*** Opening MATERIAL FOR THIS EXERCISE ***

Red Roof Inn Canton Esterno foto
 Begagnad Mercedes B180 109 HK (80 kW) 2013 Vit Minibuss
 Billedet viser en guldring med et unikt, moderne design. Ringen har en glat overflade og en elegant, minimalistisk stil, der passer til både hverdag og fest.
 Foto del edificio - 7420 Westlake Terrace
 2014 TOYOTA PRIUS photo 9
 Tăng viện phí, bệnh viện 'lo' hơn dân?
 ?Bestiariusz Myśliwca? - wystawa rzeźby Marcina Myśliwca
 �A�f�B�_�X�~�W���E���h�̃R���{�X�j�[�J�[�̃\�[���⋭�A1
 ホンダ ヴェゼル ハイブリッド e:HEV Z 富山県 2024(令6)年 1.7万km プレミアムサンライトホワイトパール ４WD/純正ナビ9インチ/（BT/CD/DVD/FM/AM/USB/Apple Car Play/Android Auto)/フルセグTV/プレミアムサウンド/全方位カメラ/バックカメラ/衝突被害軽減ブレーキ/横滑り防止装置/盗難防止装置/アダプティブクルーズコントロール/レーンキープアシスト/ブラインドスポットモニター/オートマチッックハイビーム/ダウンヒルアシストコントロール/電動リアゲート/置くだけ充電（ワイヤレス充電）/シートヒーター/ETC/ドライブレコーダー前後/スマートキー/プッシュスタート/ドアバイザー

*** Closing MATERIAL FOR THIS EXERCISE ***

REQUIREMENT: Please output only the lines from the one holding "Foto del edificio - 7420 Westlake Terrace" to the end of the records, first and last included, exactly as they appear.

EXERCISE ANSWER:
 Foto del edificio - 7420 Westlake Terrace
 2014 TOYOTA PRIUS photo 9
 Tăng viện phí, bệnh viện 'lo' hơn dân?
 ?Bestiariusz Myśliwca? - wystawa rzeźby Marcina Myśliwca
 �A�f�B�_�X�~�W���E���h�̃R���{�X�j�[�J�[�̃\�[���⋭�A1
 ホンダ ヴェゼル ハイブリッド e:HEV Z 富山県 2024(令6)年 1.7万km プレミアムサンライトホワイトパール ４WD/純正ナビ9インチ/（BT/CD/DVD/FM/AM/USB/Apple Car Play/Android Auto)/フルセグTV/プレミアムサウンド/全方位カメラ/バックカメラ/衝突被害軽減ブレーキ/横滑り防止装置/盗難防止装置/アダプティブクルーズコントロール/レーンキープアシスト/ブラインドスポットモニター/オートマチッックハイビーム/ダウンヒルアシストコントロール/電動リアゲート/置くだけ充電（ワイヤレス充電）/シートヒーター/ETC/ドライブレコーダー前後/スマートキー/プッシュスタート/ドアバイザー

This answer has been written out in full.